While the political, geographical, religious, literary, and social processes of the period, including the phenomenon of ancient epistolography, have been studied (thus Deissmann, Koskenniemi, Thraede, Malherbe; Klauck; Morello/Morrison, Sarri, White, Stirewalt, and Henderson), our project on Epistolary Visions of Transformational Leadership intends to take new steps in at least two ways:

First, the EVTL project brings together leading international researchers from three major research disciplines to study Cicero, Paul, and Seneca in a joint venture. By continually converging philological, historical, and hermeneutical methods, the project aims to drive New Testament studies, classical philology, and ancient history towards true interdisciplinarity, where a completely new study of the development of epistolary, visionary leadership can be accomplished.

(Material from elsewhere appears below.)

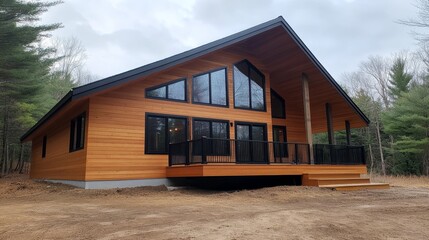 Obraz premium Modern wooden cabin in a forested area surrounded by trees in a tranquil setting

Secondly, the interdisciplinary and comparative reading of Cicero's, Paul's, and Seneca's letter writing will be guided by "transformational leadership theory" as a heuristic key and a structuring principle. At previous workshops held by the EVTL research group and other experts (Göttingen, 2016; Atlanta, 2017), it turned out that the four main research questions we identified as interpretative pointers to the comparative study of Cicero, Paul, and Seneca, reflect precisely the four types of behaviour included in the theory of transformational leadership (cf. on transformational leadership):

a) What ideas and visions about governance, government, religion, and management were developed and passed on to their respective audiences by Cicero, Paul, and Seneca?

b) To what extent were these ideas and visions mediated by the letter writer's acting as the personal role model?

c) To what extent were these ideas and visions part of greater philosophical and religious discourses in antiquity? And how will the three authors offer intellectual stimulation? What types of philosophical ideas or intellectual trends do the authors refer to?

d) How is the concept of epistolary leadership - in the case of Cicero, Paul, and Seneca - created around "coaching" and "mentoring" of individuals; To what extent do the writers want to consider individual needs?


Thus, the project will not only benefit from the insights into concepts of leadership offered by transformational leadership theory but will also contribute to contemporary studies in leadership: overall, EVTL will show how transformational leadership theory is already presented in ancient letter writing.